太陽が真上に来た真昼、きみの部屋で胃が空になるまで吐き続けたことの話

 最悪だ。

 最高に暑い日だった。もしかしたらこの夏の最高気温を記録するかもしれない。ただじっとしているだけで、汗がぽたぽた滴り落ちる。

 吐くものはもうないのに、えずきが止まらない。なんでもいいから楽にならないかとすがるような気持ちで口に指を突っ込んで咽頭を刺激する。苦くて酸っぱい胃液がほんのわずかだけ上がってきて、吐くと言うよりはただ口からこぼれていった。

 汗か唾液かそれとも胃液か知れないなにかがあごをつたう。ぬるくぬめったそれは不快だったが、拭う気も起きなかった。


 なぜあんなに飲んだのか、忘れたくて飲んだはずなのに、こんな極限状態でも残酷なほどはっきり思い出せる。

 初めは失恋ごときでそんな、と慰めていた悪友たちが、彼ら自身も酔っ払い面白がって煽り始めるまで、そう時間はかからなかった気がする。

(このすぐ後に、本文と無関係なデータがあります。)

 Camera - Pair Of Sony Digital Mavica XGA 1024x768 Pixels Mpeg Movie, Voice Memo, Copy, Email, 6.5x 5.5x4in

 まったく、飲んでも記憶を失えないし、二日酔いで毎度毎度死にたくなるというのに、それを忘れて何度も繰り返してしまうこの性分、どうにかしないといけない。

 別れたのだって、それが原因だったのだから。

 飲んでも楽しくなんてなれないくせに、飲むのをやめられないのが嫌だと言っていた。それでもこうして正体を失うたびに、世話を焼いてくれたのも彼女だった。どう見ても最低なのは自分で、道理は彼女の方にある。正しいのはどちらか、自分はどうするべきなのか、もうずっと前から分かっている。知っている――。

 分からないのは、なぜ今自分は、彼女の部屋で吐き続けているのかということだ。


 ほとんど立てなくなっている自分をタクシーに突っ込んだ友人たちが、いつものように彼女の部屋の住所を告げたのには、気付いていた。気付いていて訂正しなかったのは、気力がなかったからでも、喉が灼けていたからでもない。

 ただただ、最悪だったからだ。


 ふっ、と冷たい空気が肌を撫で、ほんの一瞬汗が引く。扉が開いて、クーラーの冷気が流れ込んできたのだ。

「どう?」

 問われても、返す言葉がない。無言で力なく首を振ると、後ろでまたため息の気配がした。

「お水置いておく。タオルも」

 よく落としてしまうので、いつもプラスティックのコップで出してくれる。冷たい水を入れてくれるので、この熱気で既に結露している。いつもこれで口をゆすいだあとから、少しずつ回復したものだった。

「あのね、忘れ物が少しあったから、一緒に持って帰ってね。まとめておいたから」

 後ろから続く言葉は、けれどさみしい。聞こえないふりもできず、ただただ、またこみ上げる何かに任せて、突っ伏した。